*WHAT TO PRODUCE*:
Transcribe the listing verbatim. Do not carry over any pictures.
[Start of section]
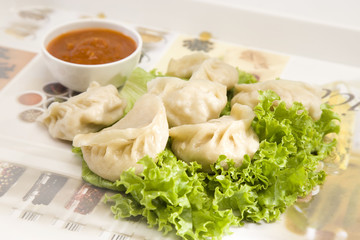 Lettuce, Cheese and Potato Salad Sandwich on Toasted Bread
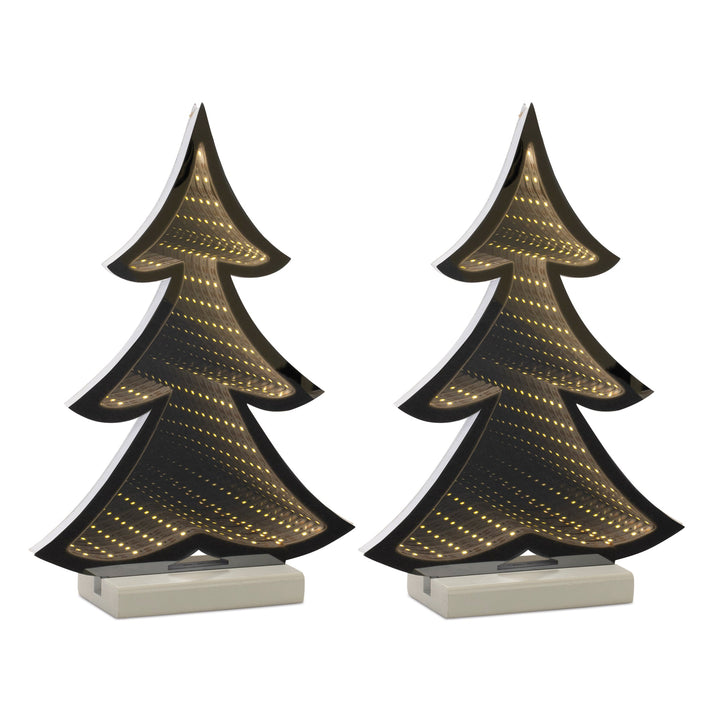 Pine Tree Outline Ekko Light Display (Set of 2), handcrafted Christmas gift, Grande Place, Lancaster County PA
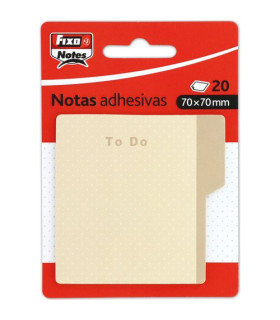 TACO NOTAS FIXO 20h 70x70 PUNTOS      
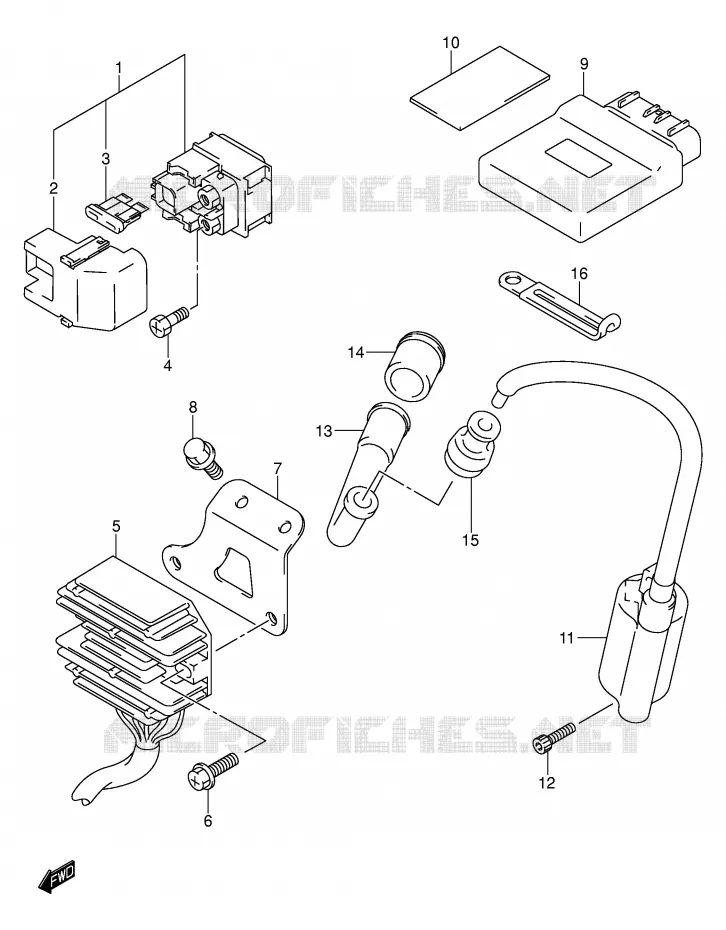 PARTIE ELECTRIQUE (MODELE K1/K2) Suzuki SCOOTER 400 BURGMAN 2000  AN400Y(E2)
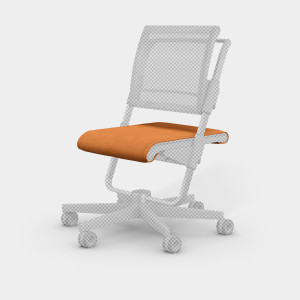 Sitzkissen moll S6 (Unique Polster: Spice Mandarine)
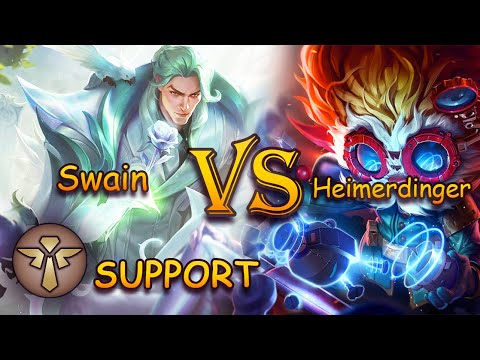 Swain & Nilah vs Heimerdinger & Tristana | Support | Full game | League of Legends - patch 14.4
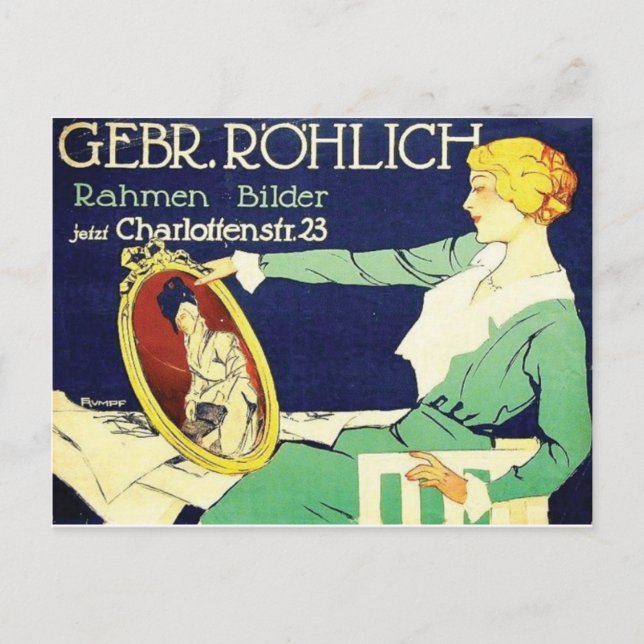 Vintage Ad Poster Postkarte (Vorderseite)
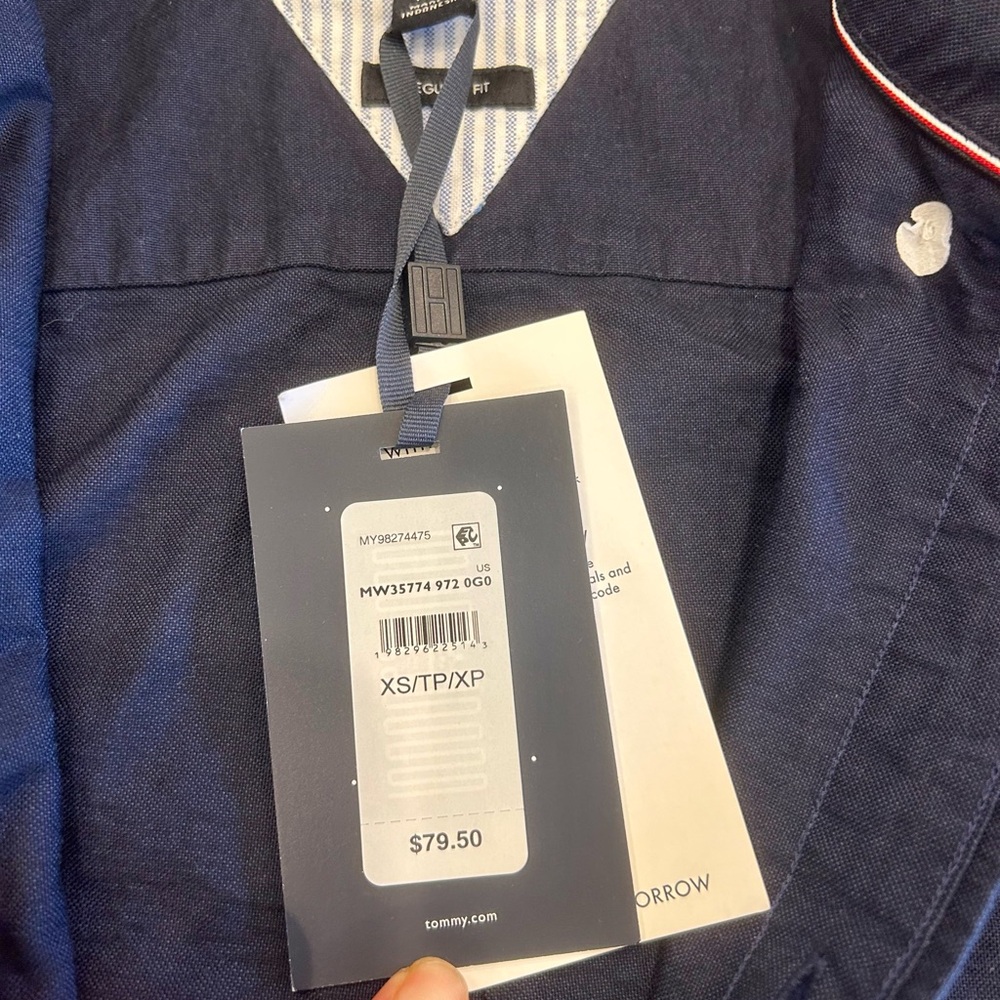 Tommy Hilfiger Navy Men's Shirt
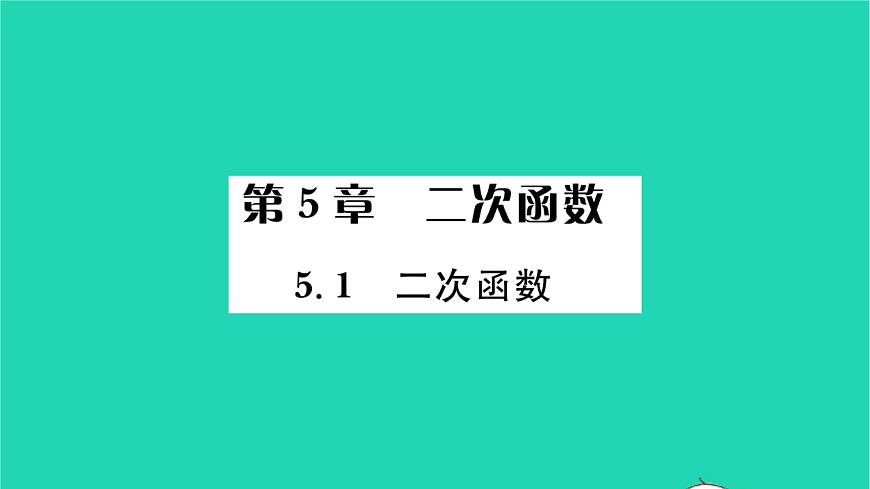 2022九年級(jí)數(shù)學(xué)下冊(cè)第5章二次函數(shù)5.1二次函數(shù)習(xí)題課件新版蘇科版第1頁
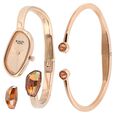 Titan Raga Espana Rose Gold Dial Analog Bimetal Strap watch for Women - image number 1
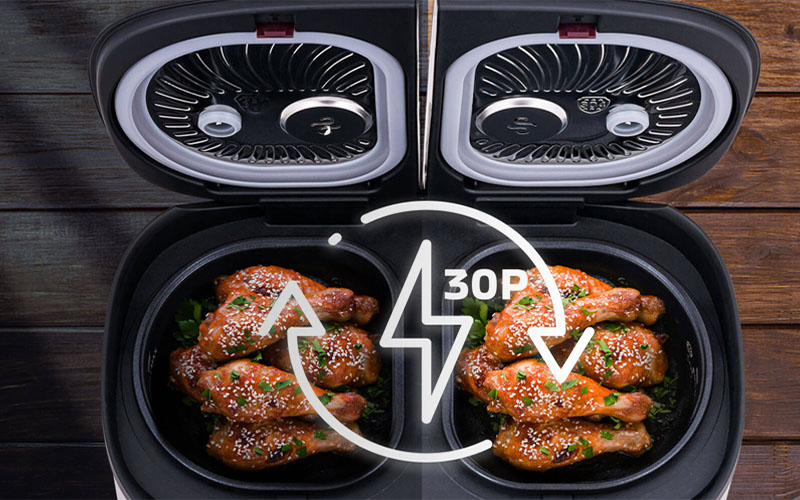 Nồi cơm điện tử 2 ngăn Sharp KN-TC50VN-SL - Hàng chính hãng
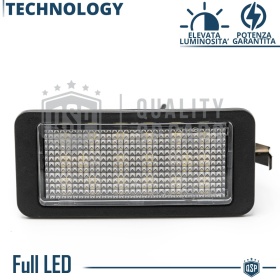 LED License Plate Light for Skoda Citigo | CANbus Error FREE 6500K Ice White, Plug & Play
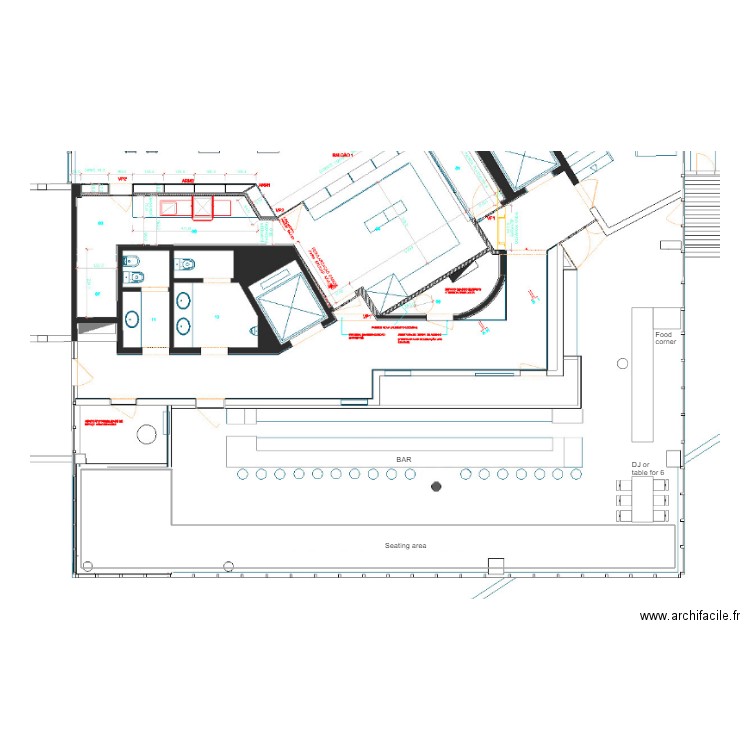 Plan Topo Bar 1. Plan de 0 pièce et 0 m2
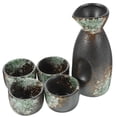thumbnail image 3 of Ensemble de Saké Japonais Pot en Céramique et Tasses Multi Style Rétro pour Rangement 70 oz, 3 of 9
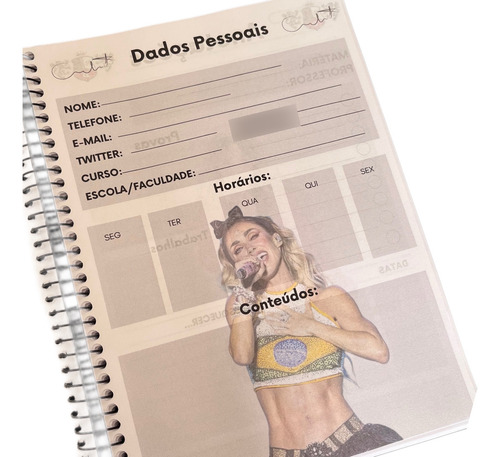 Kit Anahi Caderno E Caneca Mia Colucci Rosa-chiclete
[End of section]
*OUTPUT FOR THIS TASK*:
 Lettuce, Cheese and Potato Salad Sandwich on Toasted Bread
 Pine Tree Outline Ekko Light Display (Set of 2), handcrafted Christmas gift, Grande Place, Lancaster County PA
 TACO NOTAS FIXO 20h 70x70 PUNTOS      
 PARTIE ELECTRIQUE (MODELE K1/K2) Suzuki SCOOTER 400 BURGMAN 2000  AN400Y(E2)
 Sitzkissen moll S6 (Unique Polster: Spice Mandarine)
 Swain & Nilah vs Heimerdinger & Tristana | Support | Full game | League of Legends - patch 14.4
 Vintage Ad Poster Postkarte (Vorderseite)
 Tommy Hilfiger Navy Men's Shirt
 2022九年級(jí)數(shù)學(xué)下冊(cè)第5章二次函數(shù)5.1二次函數(shù)習(xí)題課件新版蘇科版第1頁
 Titan Raga Espana Rose Gold Dial Analog Bimetal Strap watch for Women - image number 1
 Nồi cơm điện tử 2 ngăn Sharp KN-TC50VN-SL - Hàng chính hãng
 LED License Plate Light for Skoda Citigo | CANbus Error FREE 6500K Ice White, Plug & Play
 Plan Topo Bar 1. Plan de 0 pièce et 0 m2
thumbnail image 3 of Ensemble de Saké Japonais Pot en Céramique et Tasses Multi Style Rétro pour Rangement 70 oz, 3 of 9
 Kit Anahi Caderno E Caneca Mia Colucci Rosa-chiclete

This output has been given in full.